- Say politics paralysed private sector with corruption
- Urge for non-political national economic policy
- Call for export-driven economy while protecting local biz
- Point out urgent need to create entrepreneurial culture
By Nishel Fernando
Ahead of the upcoming election cycle, Sri Lanka’s corporate sector leaders stressed on decisive leadership, security, national economic policy, rule of law, increased R&D spending and educational reforms to transform the country to an export-oriented economy, in order to become a developed nation.
“We need to have decisive leadership, a leadership that can see the potential of Sri Lanka and what it requires to make this country. In my opinion, the leadership must not be based on politics; it must be based on the nation’s interest.
We need to make some decisive decisions to alter the current miseries in terms of legislation, in terms of bureaucratic ways that we run our country,” 99X Technology CEO and Co-Founder Mano Sekaram asserted.
He made these remarks addressing the Export Vision 2030 Forum organised by the National Chamber of Exporters (NCE), in Colombo, on Tuesday.
Meanwhile, Stassen Group Chairman and business tycoon Harry Jayawardena blamed the current political system for rampant corruption in the country, which adversely impacts the business environment, in particular for local businesses.
“The problem in this country is politics. The politics has corrupted all of us, including myself. There is no policy, no discipline and no rule of law,” he said.
However, Sekaram reminded that the private sector also has a role to play in eliminating corruption.
“We have to expose and say no to corruption. It’s our responsibility to do that and the rest will fall through. We have a great responsibility in terms of managing waste and corruption,” he said.

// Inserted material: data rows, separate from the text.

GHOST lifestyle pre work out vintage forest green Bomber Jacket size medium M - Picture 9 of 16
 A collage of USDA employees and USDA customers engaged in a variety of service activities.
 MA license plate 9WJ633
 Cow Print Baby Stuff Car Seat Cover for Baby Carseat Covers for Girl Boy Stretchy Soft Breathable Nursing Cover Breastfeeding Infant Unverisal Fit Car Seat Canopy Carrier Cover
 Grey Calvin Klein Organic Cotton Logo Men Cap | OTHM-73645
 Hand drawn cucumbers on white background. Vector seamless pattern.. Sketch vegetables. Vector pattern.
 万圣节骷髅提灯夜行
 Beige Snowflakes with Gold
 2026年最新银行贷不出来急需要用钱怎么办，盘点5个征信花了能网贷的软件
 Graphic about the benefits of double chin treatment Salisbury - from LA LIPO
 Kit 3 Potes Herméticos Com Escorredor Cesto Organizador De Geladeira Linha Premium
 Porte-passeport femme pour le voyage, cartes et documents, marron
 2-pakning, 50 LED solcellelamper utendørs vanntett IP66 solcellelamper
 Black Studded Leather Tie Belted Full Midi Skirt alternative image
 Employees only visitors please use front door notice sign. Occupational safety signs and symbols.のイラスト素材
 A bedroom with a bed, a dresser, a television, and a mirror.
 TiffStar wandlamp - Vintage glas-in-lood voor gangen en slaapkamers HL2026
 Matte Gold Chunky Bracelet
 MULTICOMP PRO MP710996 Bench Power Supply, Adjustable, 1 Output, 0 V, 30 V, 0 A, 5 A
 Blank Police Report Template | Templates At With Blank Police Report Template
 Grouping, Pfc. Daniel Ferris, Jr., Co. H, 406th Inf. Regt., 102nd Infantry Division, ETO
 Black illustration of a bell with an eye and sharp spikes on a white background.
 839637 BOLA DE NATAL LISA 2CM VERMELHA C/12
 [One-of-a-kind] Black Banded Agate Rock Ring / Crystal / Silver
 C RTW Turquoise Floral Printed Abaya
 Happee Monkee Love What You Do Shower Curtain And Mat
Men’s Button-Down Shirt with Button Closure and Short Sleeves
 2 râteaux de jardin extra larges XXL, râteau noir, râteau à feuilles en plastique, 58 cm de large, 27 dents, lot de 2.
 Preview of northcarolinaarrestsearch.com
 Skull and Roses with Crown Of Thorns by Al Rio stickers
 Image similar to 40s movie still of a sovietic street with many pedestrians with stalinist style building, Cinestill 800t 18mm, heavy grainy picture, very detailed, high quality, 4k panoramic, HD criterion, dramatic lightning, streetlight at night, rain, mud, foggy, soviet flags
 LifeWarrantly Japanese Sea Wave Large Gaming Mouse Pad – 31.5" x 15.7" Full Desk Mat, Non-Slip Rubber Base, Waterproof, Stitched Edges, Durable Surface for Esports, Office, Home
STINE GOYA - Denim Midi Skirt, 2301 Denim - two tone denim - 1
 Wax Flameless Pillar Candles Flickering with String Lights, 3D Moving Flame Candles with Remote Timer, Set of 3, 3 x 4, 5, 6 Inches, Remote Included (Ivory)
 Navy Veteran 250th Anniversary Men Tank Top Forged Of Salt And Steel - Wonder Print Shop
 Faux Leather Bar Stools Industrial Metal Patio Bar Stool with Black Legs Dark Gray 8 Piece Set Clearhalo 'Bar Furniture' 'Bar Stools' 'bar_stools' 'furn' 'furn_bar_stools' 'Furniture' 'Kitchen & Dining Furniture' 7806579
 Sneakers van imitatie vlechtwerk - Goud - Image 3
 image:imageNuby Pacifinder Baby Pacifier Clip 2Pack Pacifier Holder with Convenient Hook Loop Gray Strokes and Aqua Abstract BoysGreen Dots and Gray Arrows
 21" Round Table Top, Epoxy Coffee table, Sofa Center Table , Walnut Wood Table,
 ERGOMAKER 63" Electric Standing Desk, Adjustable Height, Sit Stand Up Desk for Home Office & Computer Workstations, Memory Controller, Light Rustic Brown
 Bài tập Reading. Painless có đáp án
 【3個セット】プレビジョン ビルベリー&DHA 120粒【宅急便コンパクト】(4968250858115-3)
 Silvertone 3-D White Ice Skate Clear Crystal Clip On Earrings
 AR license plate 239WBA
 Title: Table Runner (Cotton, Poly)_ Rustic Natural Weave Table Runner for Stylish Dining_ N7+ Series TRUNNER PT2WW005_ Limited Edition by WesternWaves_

Jayawardena went on to say that as a businessman, he had become a victim of policy changes and lack of rule of law in this country.
“Democracy is very good but every five years we have different policies and the position of the goal post changes. Today, the government owes me over Rs.20 billion. If it was another man, he would have gone bankrupt by now,” Jayawardena elaborated.
He pointed out that settling legal disputes via the current judiciary system has become a nightmare for businesses in the country.
While acknowledging that Sri Lanka’s is a consumption-based economy, Laugfs Holdings Limited Chairman W.K.H. Wegapitiya opined that Sri Lanka must adopt a non-political national economic policy that supports local entrepreneurship, aligning all the other sub policies.
He pointed out that only 61 percent (8.4 million) of the population were in fact economically active as of 3Q of last year while 1.1 million of them were employed in largely unproductive state sector (excluding police and security forces) and mere 3.3 million were employed in the private sector.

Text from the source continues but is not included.